At 12:37 p.m., we watched the moon start its journey across the face of the sun! Oh, how precise the movements of the solar system! We had traveled three hours to experience this all, and, sure enough, God’s orderly universe is right on schedule!

We watched the moon’s progress in various ways—through the Coronado solar telescope, several spotting scopes and numerous binoculars with solar filters, the sunlight projection setup, and, of course, eclipse glasses. One highlight was watching the moon blot out a big pair of sunspots. A friend had brought a thin plywood along with small holes drilled into it, projecting tiny crescents onto a white surface, spelling the word “ECLIPSE.”

The sunlight starts to take on a different shade, almost like viewing through deeply polarized sunglasses.
The sun’s visible crescent is getting smaller rather quickly! An energizing feeling of expectancy is in the air! Cool breezes sweep over us as it gets darker yet. Totality is approaching!

About one-third of the crowd has gone to the top of a hill, where there is a better view of the horizon all around. I’m not sure what I want to do—leave the scopes or take one along? A friend is asking me whether I’m ready to go up. Time is running out! Grabbing a spotting scope, we run up the hill as fast as we can. It really is getting darker! We join the group a few minutes before totality.

The crescent is really small now. Look to the southwest! The dark mass of the shadow seems to loom across the hills, ready to envelope us! Using no filtration, I glance up repeatedly at the tiny crescent of sunlight in an effort to not miss the diamond ring and Baily’s beads. Those play out beautifully, and the deep shadow sweeps over us!

Oh! Look at that! The brilliant white glow surrounding the moon’s black outline, and the sun’s wispy corona laid out as if flowing out in every direction, frozen in motion! Several pink prominences are visible! What a spectacular, glowing jewel in the sky, designed by our Creator! Praise His name!

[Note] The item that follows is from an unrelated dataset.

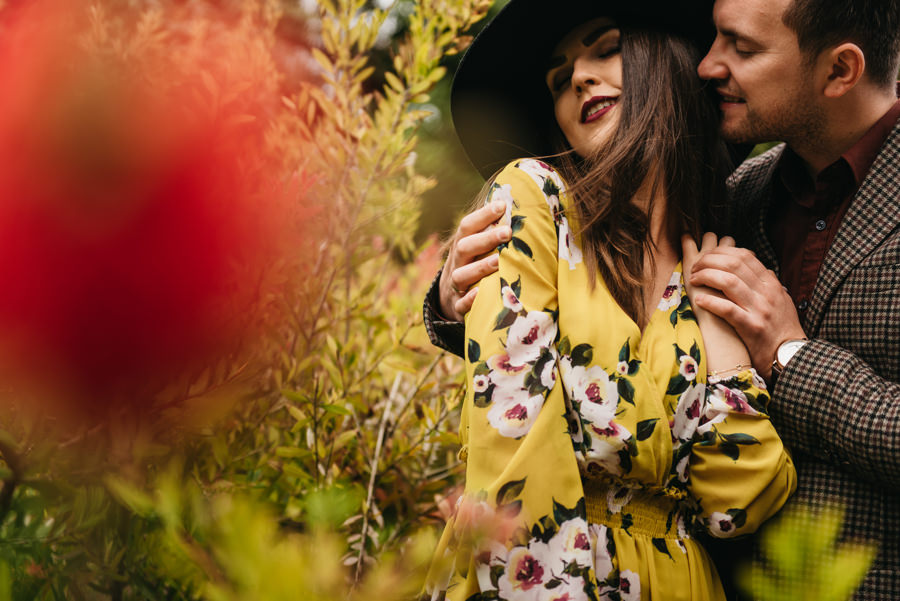 zlta sukienka portret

Look at the horizon! Sunset colors are visible all the way around! Jupiter and Venus grace the dark sky above us.

The spotting scope and numerous binoculars with their filters removed, give greatly detailed views of the glorious jewel in the sky.

A semi truck passes through out on the road, lights on, traveling on his way, never stopping. Are you serious? Completely unaware of what there is to see? How is that possible?!

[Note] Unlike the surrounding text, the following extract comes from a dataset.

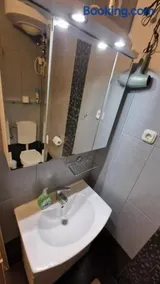 Dombóvári way apartment close to ELTE IT University and Info Park - Image 2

Knowing the precious 3 minutes and 45 seconds of totality will not continue too much longer, we try to take in all we can…the glowing masterpiece in the sky, the unusual color hues, and the sunset colors along the horizon!

The western sky seems to be getting slightly brighter, as well as the one side of the blotted-out sun. Watch it unfold! Baily’s beads become visible with the little blobs of sunlight appearing, and the bright dot of sunlight appears as the diamond ring. This dot quickly becomes much bigger and brighter as the sunlight returns, and totality is over! Look to the northeast! The dark mass of the fleeting shadow is really visible, and it hides the distant hills from view! Not for long, though, as it’s traveling at a speed of around 1800 MPH! Speed on your way, shadow, to the amazement of millions along this path of totality!

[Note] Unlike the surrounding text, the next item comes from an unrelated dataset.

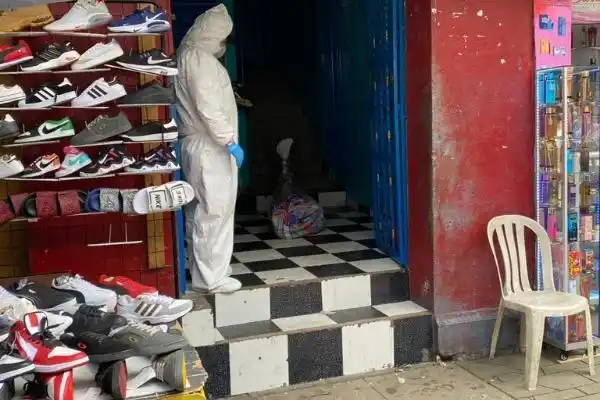 ¿CRIMEN PASIONAL? Con signos de ASFIXIA Y GOLPES hallan cadáver de una venezolana en Medellín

We are absolutely amazed at what we just experienced! The breath­-taking beauty, the sheer immensity of this all, and the precise movement of it! Something so rare and wonderful, and we got to experience it! I believe God is glorified as He allows us to get a glimpse of His amazing creativity and power! I am moved to my very core—words fail to describe it.

We go down the hill to the rest of the group. We occasionally check the progress of the partial phase, in the midst of discussions on eclipses and related subjects.

After some time, the idea of going home is presented. OK. We get everything together and loaded. When we are ready to leave, the partial phase is about ten minutes from ending. I view it one last time before getting on board. Even though the partial phase seems to be of little importance after totality, this is still a kind of rare sight. But go with the flow some­times. So, we leave, homeward bound.

With the heavy traffic, the three-hour trip home became five. We saw vehicles from CA, OK, TX, MN, CO, NY, IL, UT, WA, GA, SD, MS, NE, IA, and NJ.

We didn’t deserve having all this work out for us, and God is worthy of our praise regardless of our circumstances, but seeing how He worked things out for us makes us deeply grateful.

I feel sorry for those whose hopes of being in the path under clear skies did not become reality.
And to those of you who were convinced it wasn’t worth travelling for, thank you for staying home. It really helped out with the traffic.